The story reveals a great deal about Hume the man: his self-deprecating sense of humor (the story comes out of one of Hume’s letters); his keen awareness of the clash of cultures in the meeting between the philosopher and the fishwife; but above all his awareness, even relish, of his status as an outsider, even within his own country and city. It was not just Hume’s religious views that made him the outsider and renegade, however. For more than two thousand years Western philosophers had praised the primacy of reason as the guide to all human action and virtue. Plato, Aristotle, Augustine, Aquinas, Descartes, Locke, Hobbes, and even Hutcheson could all agree with that great time-honored consensus, that the job of reason was to master our emotions and appetites. With one earth-shaking book, his first, Hume reversed this. “Reason is,” he wrote, “and ought to be, the slave of the passions.”
That “ought to be” stood two thousand years of philosophy on its head. Hume quietly pointed out that human beings are not, and never have been, governed by their rational capacities. Reason’s role is purely instrumental: it teaches us how to get what we want. What we want is determined by our emotions, our passions—anger, lust, fear, grief, envy, but also joy, love of fame, love of contentedness, and, paradoxically, our desire to live according to rational principles—or in the last case, to recognize the dictates of necessity and act accordingly. It is not reason, however, that teaches us this, but habit, a frame of mind that associates certain effects with certain causes or actions. We are, in the end, creatures of habit, and of the physical and social environment within which our emotions and passions must operate. We learn to avoid the passions that destroy, and pursue the ones that succeed—in order to get what we consider our just desserts, and gratify our self-interest.
A Treatise of Human Nature
appeared in 1734, when Hume was only twenty-six. Yet it contained the seeds of almost everything he would write for the next forty years, and the seeds of a new philosophic outlook for the West. Other thinkers, of course, had recognized the importance of self-interest in human affairs. Lord Kames, as founder of the civil society school, had stressed its paramount role in the creation and formation of all social ties. But Hume carried this to a new level.

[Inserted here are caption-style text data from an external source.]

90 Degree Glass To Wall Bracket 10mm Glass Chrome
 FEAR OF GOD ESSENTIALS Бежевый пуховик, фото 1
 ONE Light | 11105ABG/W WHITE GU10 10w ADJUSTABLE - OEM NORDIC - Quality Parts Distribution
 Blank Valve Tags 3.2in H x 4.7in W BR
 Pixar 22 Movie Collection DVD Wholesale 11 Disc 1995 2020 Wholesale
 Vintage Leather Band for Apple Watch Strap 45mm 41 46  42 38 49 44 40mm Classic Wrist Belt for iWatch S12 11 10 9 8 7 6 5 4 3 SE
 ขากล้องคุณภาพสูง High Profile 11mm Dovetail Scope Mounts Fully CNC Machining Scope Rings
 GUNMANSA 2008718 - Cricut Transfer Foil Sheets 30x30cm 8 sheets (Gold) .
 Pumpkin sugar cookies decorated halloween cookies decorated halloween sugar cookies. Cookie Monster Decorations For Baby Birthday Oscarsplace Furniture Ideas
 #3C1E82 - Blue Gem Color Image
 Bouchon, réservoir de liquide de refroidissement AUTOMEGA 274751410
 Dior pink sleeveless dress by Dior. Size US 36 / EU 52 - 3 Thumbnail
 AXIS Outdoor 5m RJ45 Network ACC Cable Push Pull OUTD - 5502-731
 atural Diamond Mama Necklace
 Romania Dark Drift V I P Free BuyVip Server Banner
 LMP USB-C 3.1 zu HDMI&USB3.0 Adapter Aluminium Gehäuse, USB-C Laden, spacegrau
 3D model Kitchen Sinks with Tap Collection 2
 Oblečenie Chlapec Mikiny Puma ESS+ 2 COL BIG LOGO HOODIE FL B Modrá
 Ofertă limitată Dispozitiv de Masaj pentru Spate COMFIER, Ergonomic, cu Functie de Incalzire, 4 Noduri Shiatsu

For Hume, self-interest is
all
there is. The overriding guiding force in all our actions is not our reason, or our sense of obligation toward others, or any innate moral sense—all these are simply formed out of habit and experience—but the most basic human passion of all, the desire for self-gratification. It is the one thing human beings have in common. It is also the necessary starting point of any system of morality, and of any system of government.